Consider the listing below. Extract exactly the lines from the line containing "- 1x USB to USB-C Adapter" to the line containing "43-92CM Fishing Net", both included.

**DATASET ENTRIES**
====
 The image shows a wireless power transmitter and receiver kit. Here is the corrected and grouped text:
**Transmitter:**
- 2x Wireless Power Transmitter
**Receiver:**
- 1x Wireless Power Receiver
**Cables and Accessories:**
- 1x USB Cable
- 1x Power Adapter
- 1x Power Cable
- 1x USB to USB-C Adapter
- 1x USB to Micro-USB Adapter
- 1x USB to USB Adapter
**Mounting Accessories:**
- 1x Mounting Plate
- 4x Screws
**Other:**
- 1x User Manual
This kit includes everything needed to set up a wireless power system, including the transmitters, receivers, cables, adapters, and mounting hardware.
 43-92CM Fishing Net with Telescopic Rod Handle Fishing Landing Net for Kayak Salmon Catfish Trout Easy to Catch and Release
====
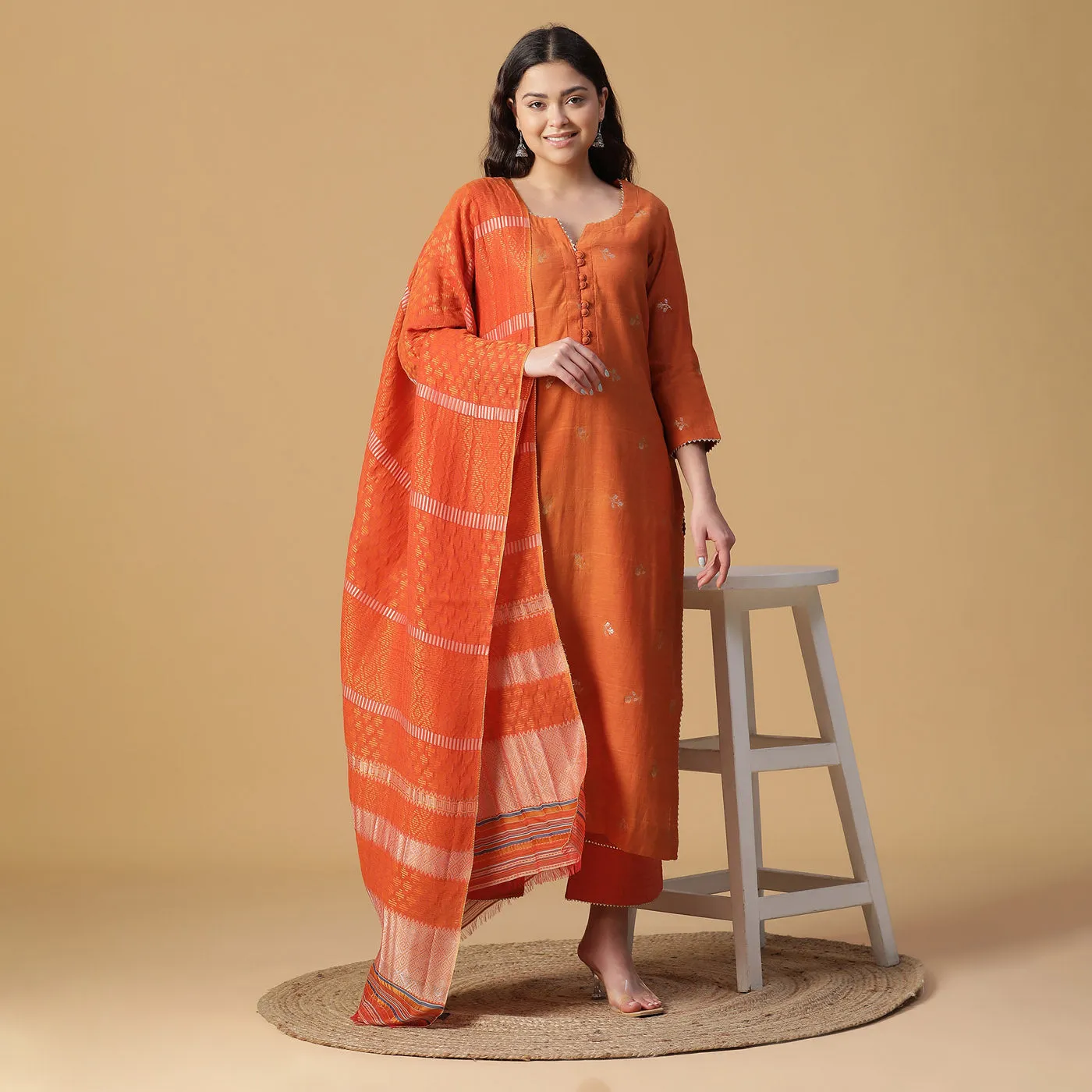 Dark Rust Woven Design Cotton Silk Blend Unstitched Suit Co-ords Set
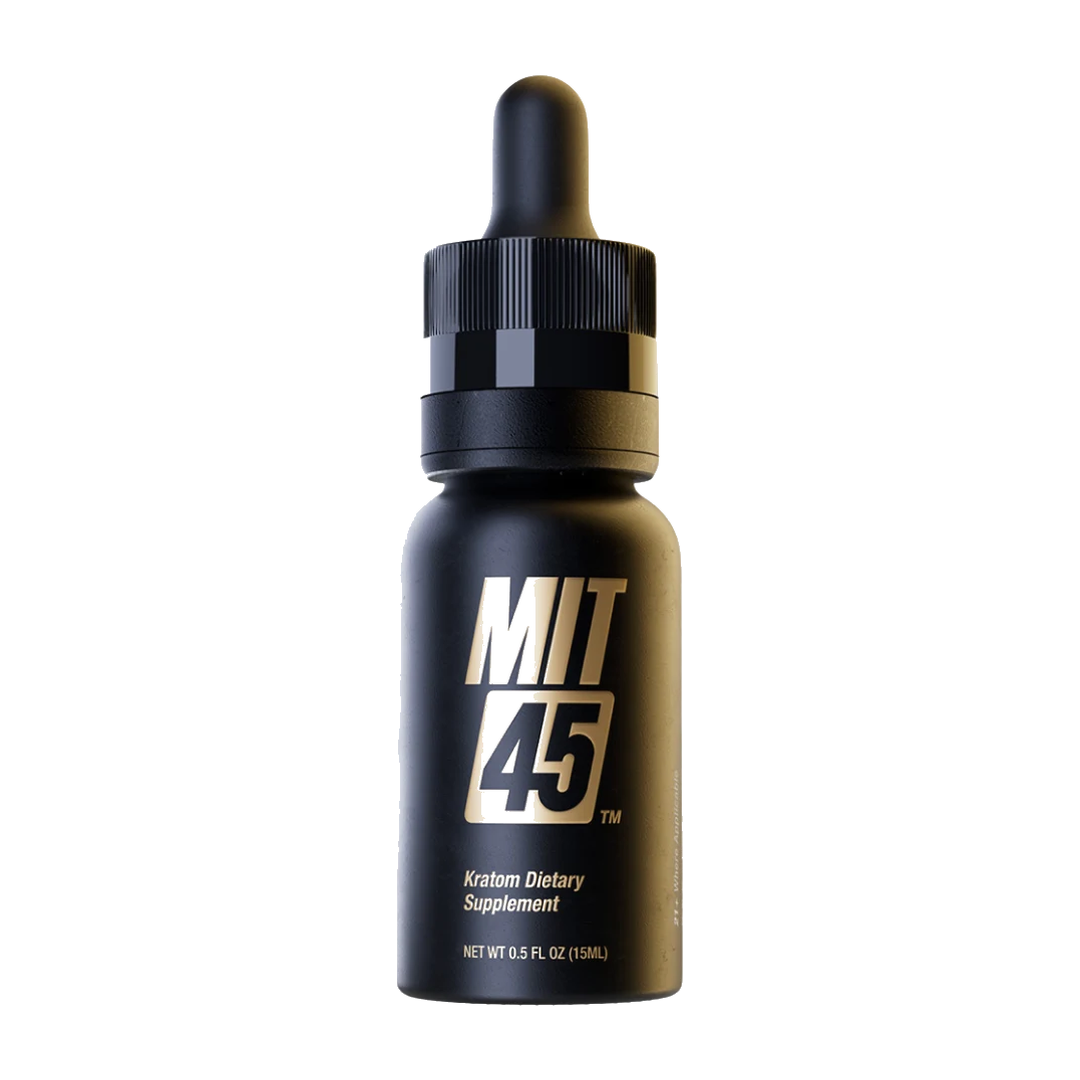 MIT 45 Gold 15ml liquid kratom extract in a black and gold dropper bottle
====
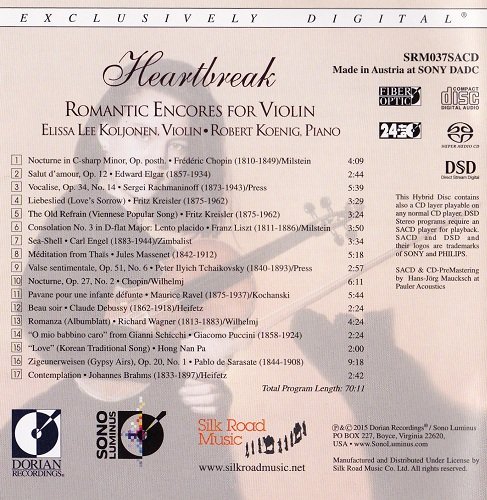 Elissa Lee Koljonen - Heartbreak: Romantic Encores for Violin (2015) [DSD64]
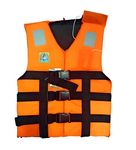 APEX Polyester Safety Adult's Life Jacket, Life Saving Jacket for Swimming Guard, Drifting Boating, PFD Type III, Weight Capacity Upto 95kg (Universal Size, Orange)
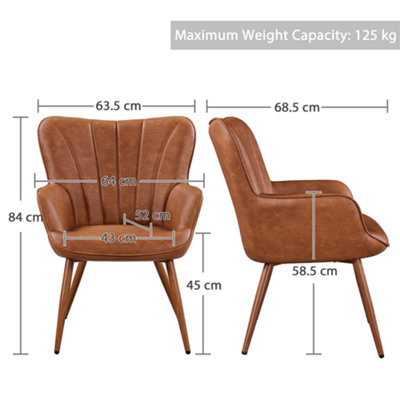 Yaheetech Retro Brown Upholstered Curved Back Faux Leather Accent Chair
====
**SOLVED PROBLEM**
- 1x USB to USB-C Adapter
- 1x USB to Micro-USB Adapter
- 1x USB to USB Adapter
**Mounting Accessories:**
- 1x Mounting Plate
- 4x Screws
**Other:**
- 1x User Manual
This kit includes everything needed to set up a wireless power system, including the transmitters, receivers, cables, adapters, and mounting hardware.
 43-92CM Fishing Net with Telescopic Rod Handle Fishing Landing Net for Kayak Salmon Catfish Trout Easy to Catch and Release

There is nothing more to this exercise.